Task data
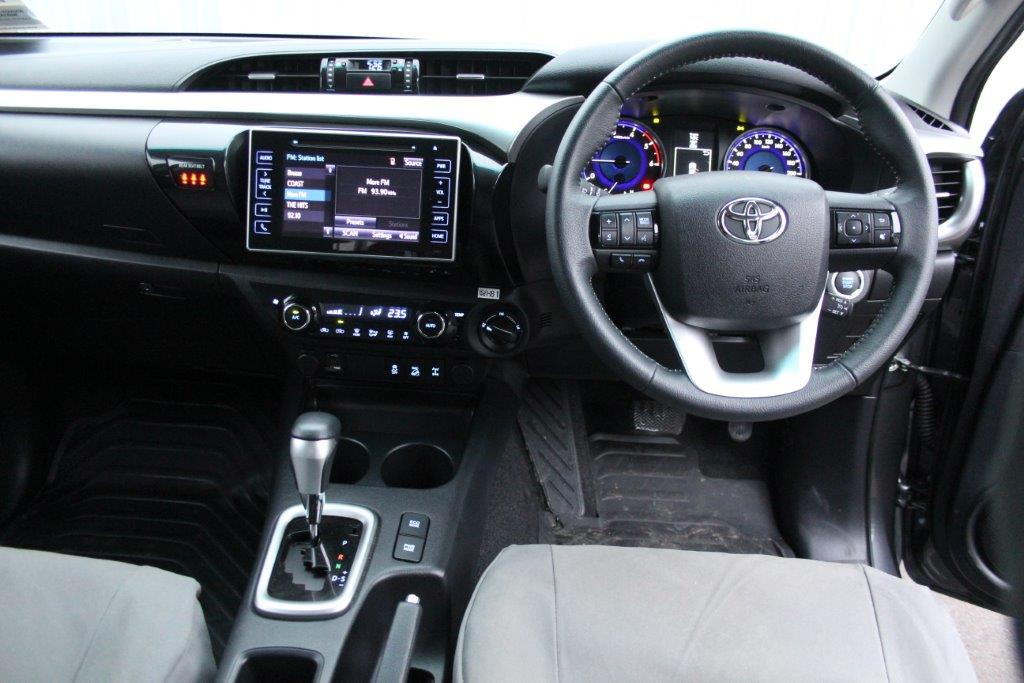 Toyota HILUX SR5 FLATDECK 4WD 2017 for sale in Auckland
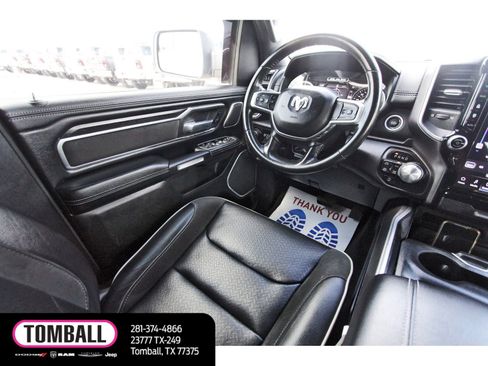 Used 2023 RAM 1500 Laramie AWD/4WD image 9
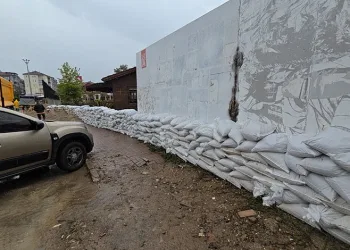 Bartın’da taşkınlara karşı kum çuvallarıyla set oluşturuldu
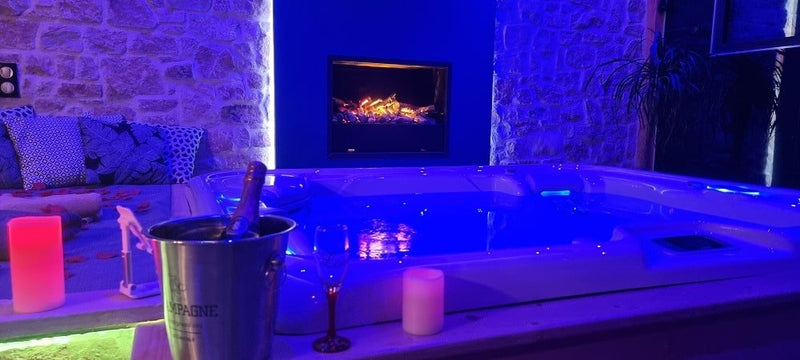Nuit Spa Ciné - Love’nSpa - weekend en amoureux, love rooms avec spa ou jacuzzi privatif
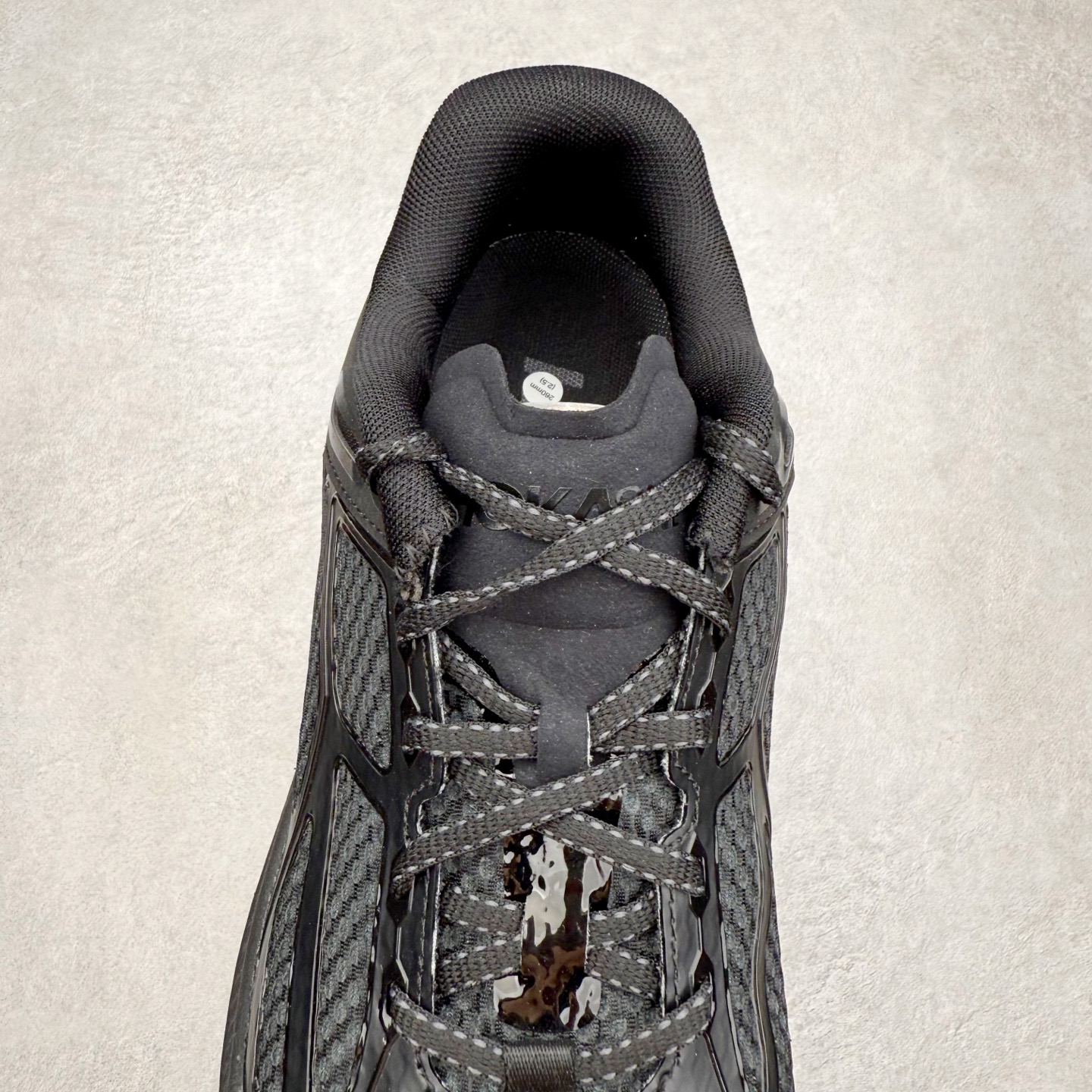 图片[5]-＃HK纯原 HOKA ONE ONE Clifton 克里夫顿9代专业性能减震公路跑步鞋 美国特供批次 轻盈透气的针织网面和纱线的使用让鞋面更挺拔 增强鞋面的强度和支撑性能 搭配柔软的鞋舌 让双脚在舒适包裹中跑的更加畅快 全新泡棉中底 柔软的同时增强回弹性能 为不同跑者提供更平稳流畅的脚感 带来全面的缓冲保护 根据人体工程学设计的延长拉襟 后跟处弹软的海绵填充舒适固定 避免掉跟和摩擦 相比上一代光滑的内衬 Clifton 9的内衬增强了摩擦力 避免双脚在鞋内滑动 尺码：36 36.5 37.5 38 38.5 39 40 40.5 41 42 42.5 43 44 44.5 45-选品中心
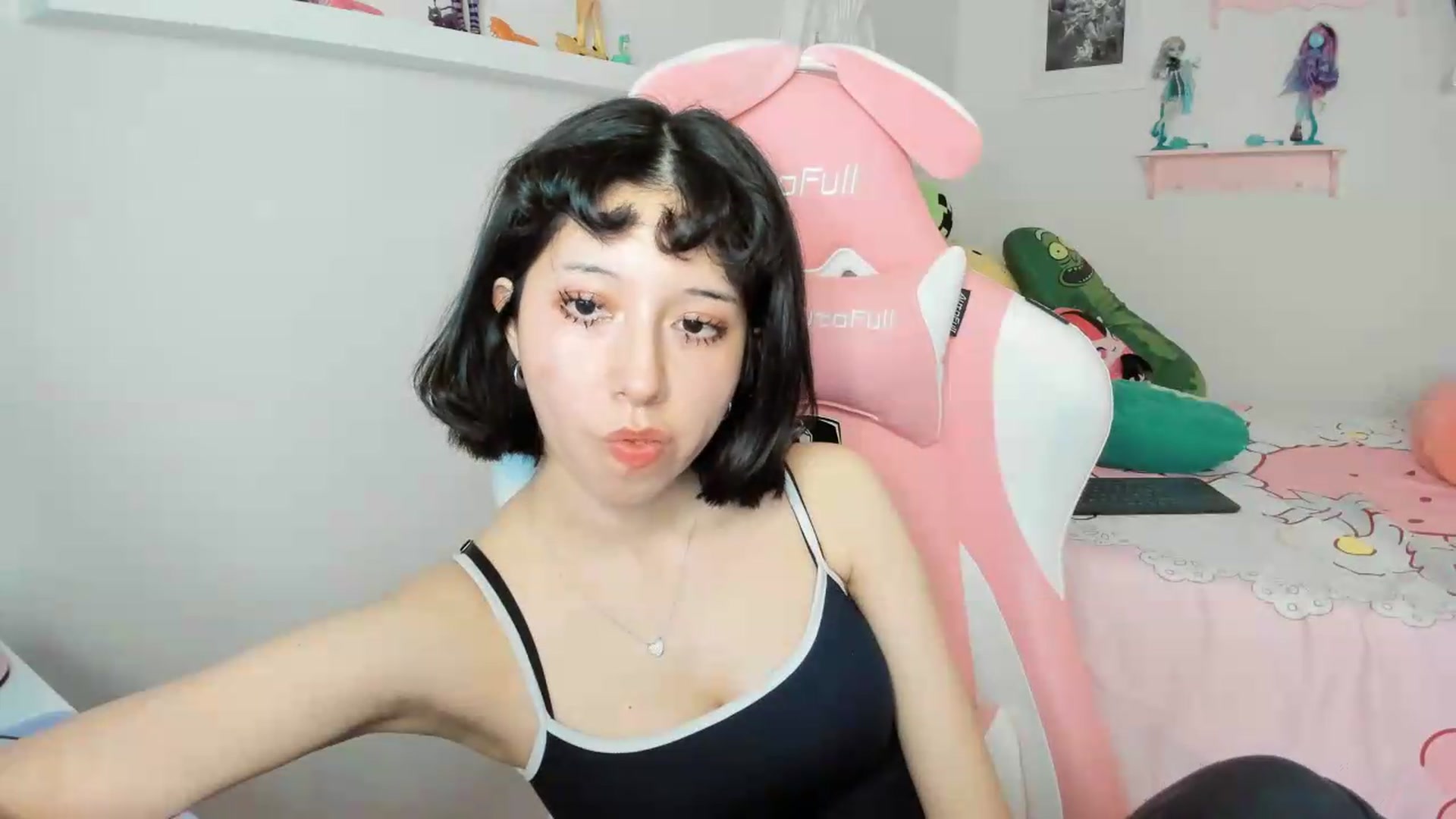 Gallery image thumbnail from Cherrycute666's myfreecams stream on, 05/22/2026, 03:29 image 12 of 20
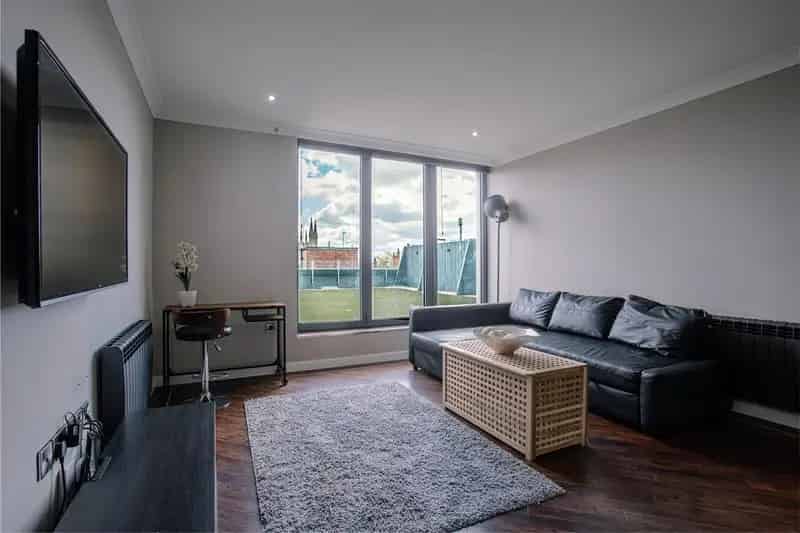 2 Bedroom Apartment to Rent in Hull Essex House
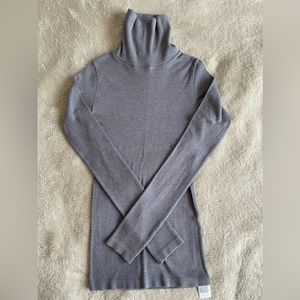 Women’s Turtleneck long sleeve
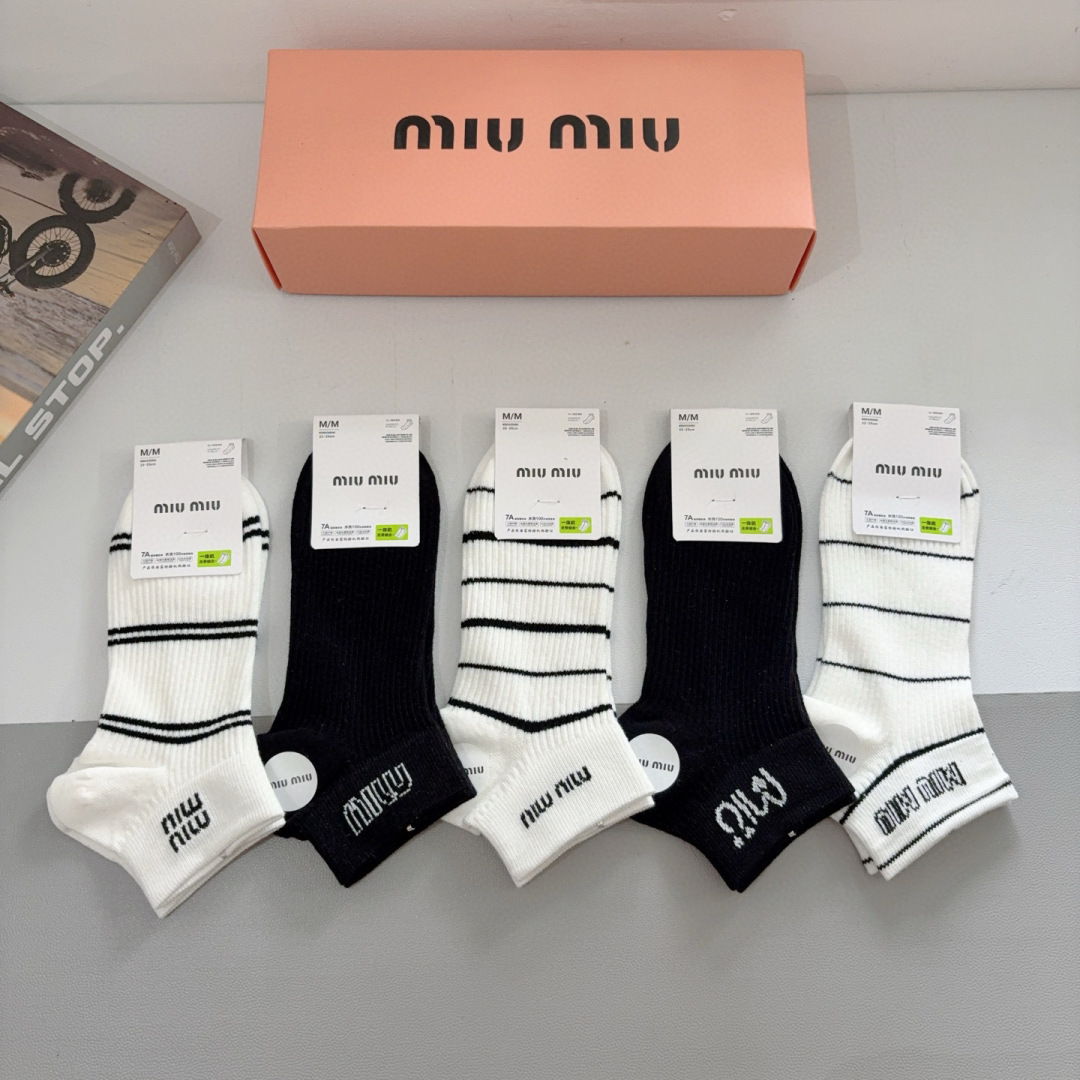 配包装【一盒5双】
miumiu · 缪缪 新款网红袜子❗️短筒船袜。纯棉材质，轻薄柔软透气，四季通用，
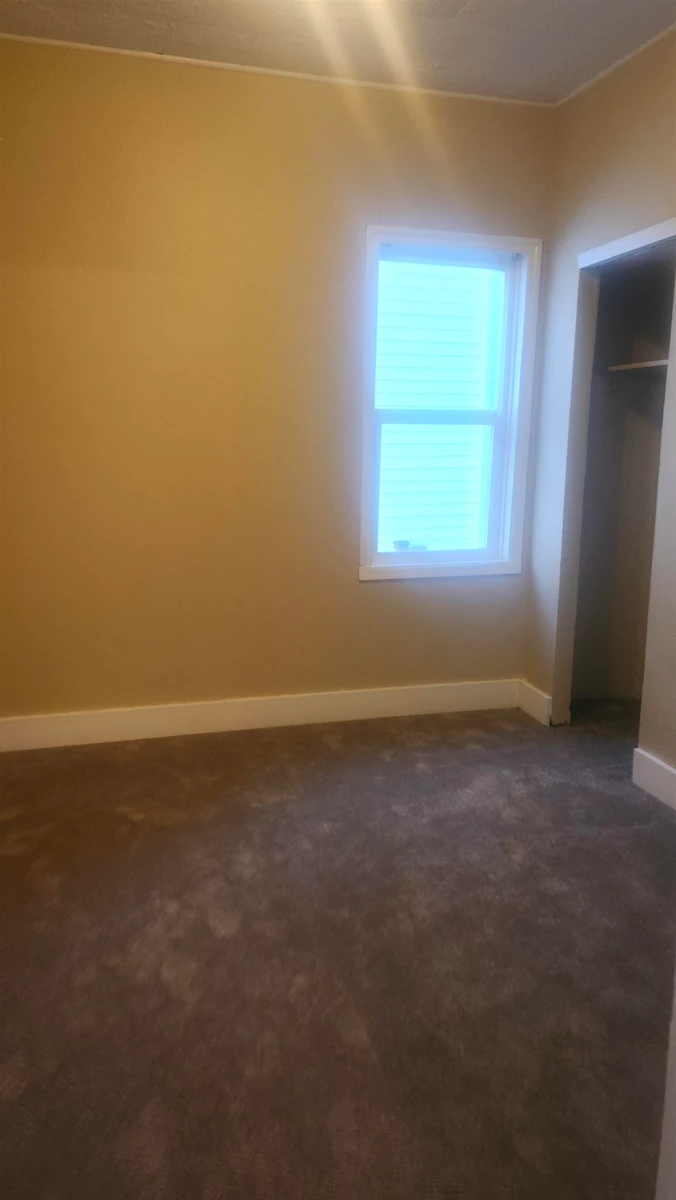 Living Room Photo of 7575 Dunsmuir Street, Mission, BC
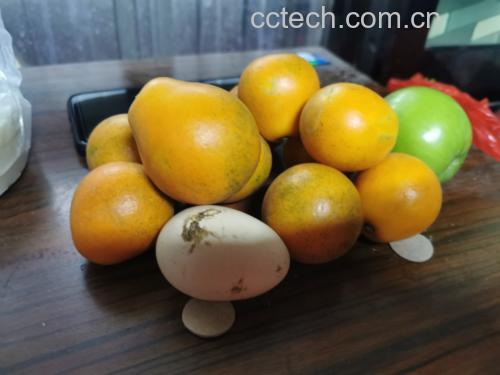 一组并列摆放的水果:左侧为金桔,个头小巧、色泽金黄;中间为普通橘子,较大、橙红色;右侧为柠檬,长椭圆形、亮黄色。背景为木质餐桌,上方标注‘金桔富含柠檬烯与类黄酮’字样,突出其营养特色 金桔与其他柑橘类水果对比图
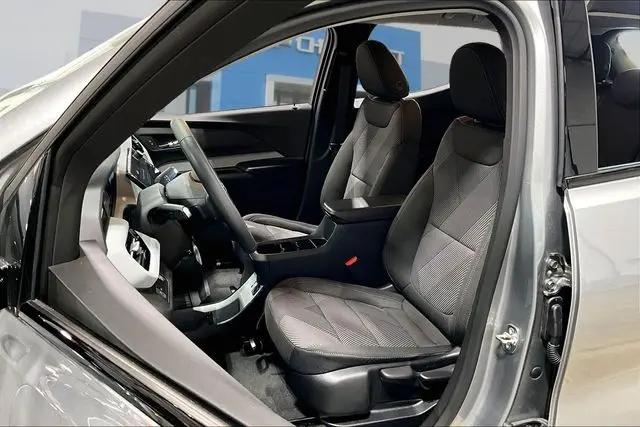 2027 Chevrolet Bolt LT FWD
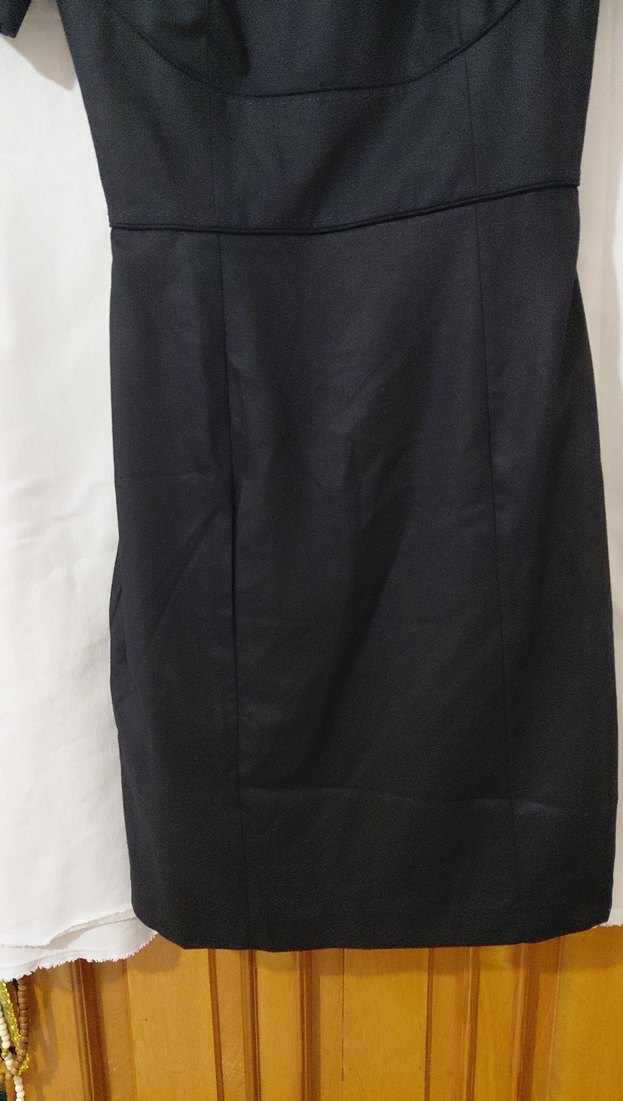 Siyah Midi yuvarlak Yaka Kısa Kollu Elbise - Görsel 2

What you need to do
Write out again the lines from the one with "Bartın’da taşkınlara karşı" through the end of the records exactly, without any of the pictures.

Expected output
 Bartın’da taşkınlara karşı kum çuvallarıyla set oluşturuldu
Nuit Spa Ciné - Love’nSpa - weekend en amoureux, love rooms avec spa ou jacuzzi privatif
 图片[5]-＃HK纯原 HOKA ONE ONE Clifton 克里夫顿9代专业性能减震公路跑步鞋 美国特供批次 轻盈透气的针织网面和纱线的使用让鞋面更挺拔 增强鞋面的强度和支撑性能 搭配柔软的鞋舌 让双脚在舒适包裹中跑的更加畅快 全新泡棉中底 柔软的同时增强回弹性能 为不同跑者提供更平稳流畅的脚感 带来全面的缓冲保护 根据人体工程学设计的延长拉襟 后跟处弹软的海绵填充舒适固定 避免掉跟和摩擦 相比上一代光滑的内衬 Clifton 9的内衬增强了摩擦力 避免双脚在鞋内滑动 尺码：36 36.5 37.5 38 38.5 39 40 40.5 41 42 42.5 43 44 44.5 45-选品中心
 Gallery image thumbnail from Cherrycute666's myfreecams stream on, 05/22/2026, 03:29 image 12 of 20
 2 Bedroom Apartment to Rent in Hull Essex House
 Women’s Turtleneck long sleeve
 配包装【一盒5双】
miumiu · 缪缪 新款网红袜子❗️短筒船袜。纯棉材质，轻薄柔软透气，四季通用，
 Living Room Photo of 7575 Dunsmuir Street, Mission, BC
 一组并列摆放的水果:左侧为金桔,个头小巧、色泽金黄;中间为普通橘子,较大、橙红色;右侧为柠檬,长椭圆形、亮黄色。背景为木质餐桌,上方标注‘金桔富含柠檬烯与类黄酮’字样,突出其营养特色 金桔与其他柑橘类水果对比图
 2027 Chevrolet Bolt LT FWD
 Siyah Midi yuvarlak Yaka Kısa Kollu Elbise - Görsel 2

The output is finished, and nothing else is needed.